Its plain to see that the danger comes from corporate and institutional forms of cultural production and distribution which always seek to extend their reach and their influence. This includes eg Hollywood, Disney, Star Bucks and Burger King and, to a similar though lesser degree, the Tate and blockbuster exhibitions like Altermodernism. Importantly this is not a level playing field either: America and its corporate allies continue to dominate it. Genuinely believing that there is therefore 'a common interpretation' is therefore both extravagant and harmful.

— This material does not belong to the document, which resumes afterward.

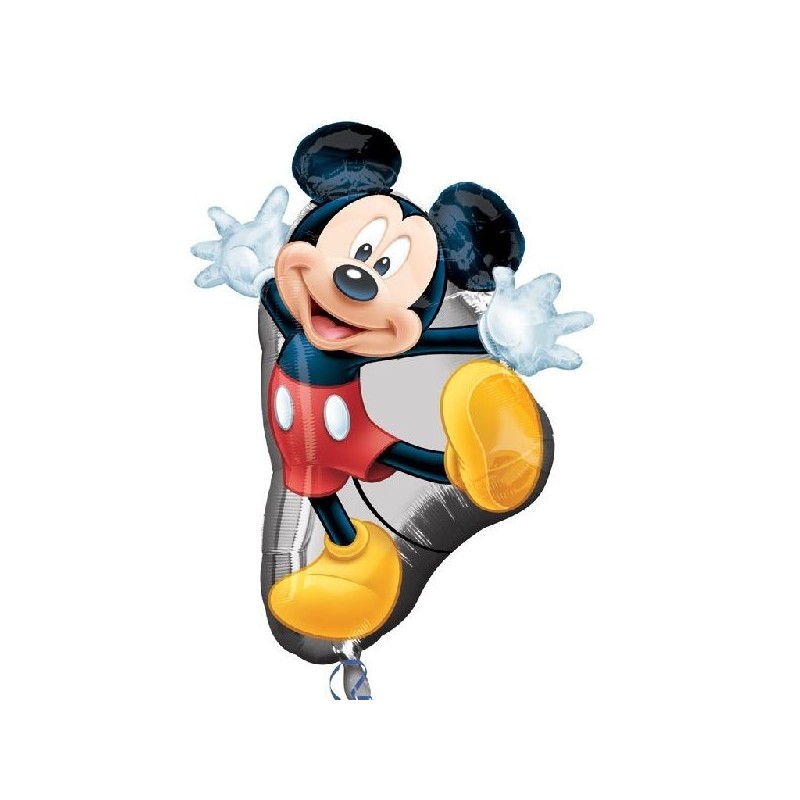 Globo Mickey Mouse metalizado 77 cm
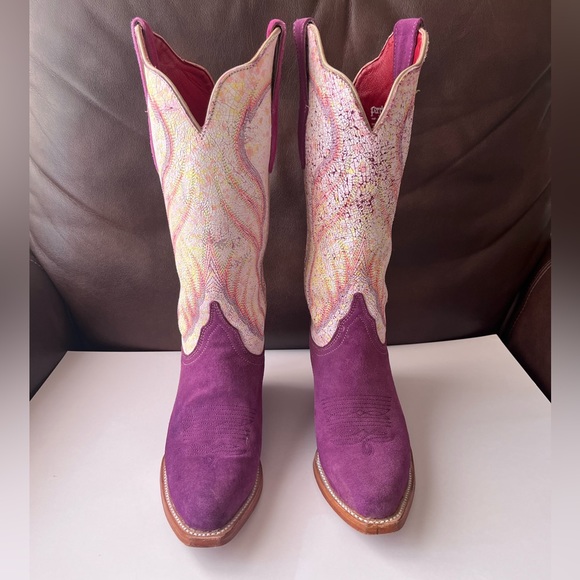 Ferrini Shoes Purple Cowboy Boots Ferrini Size 6b Poshmark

Also, and related to the above: is this really what artists are doing now, as Bourriaud claims, or is 'altermodernism' as a concept primarily applicable to a select and possibly deluded few?  Those who can afford to travel the world showing and making art in diverse locations, incuding the international art fairs, for example. Is it not possible that what is being described is art made by a new elite  (the unfortunately named 'homo viator') that is far removed from the ordinary lives of ordinary people? Unlike some globetrotting artists and curators, who live in an unreal bubble much of the time, most other people may partake in globalised culture to a superficial degree but actually live in much more traditional 'rooted' communities.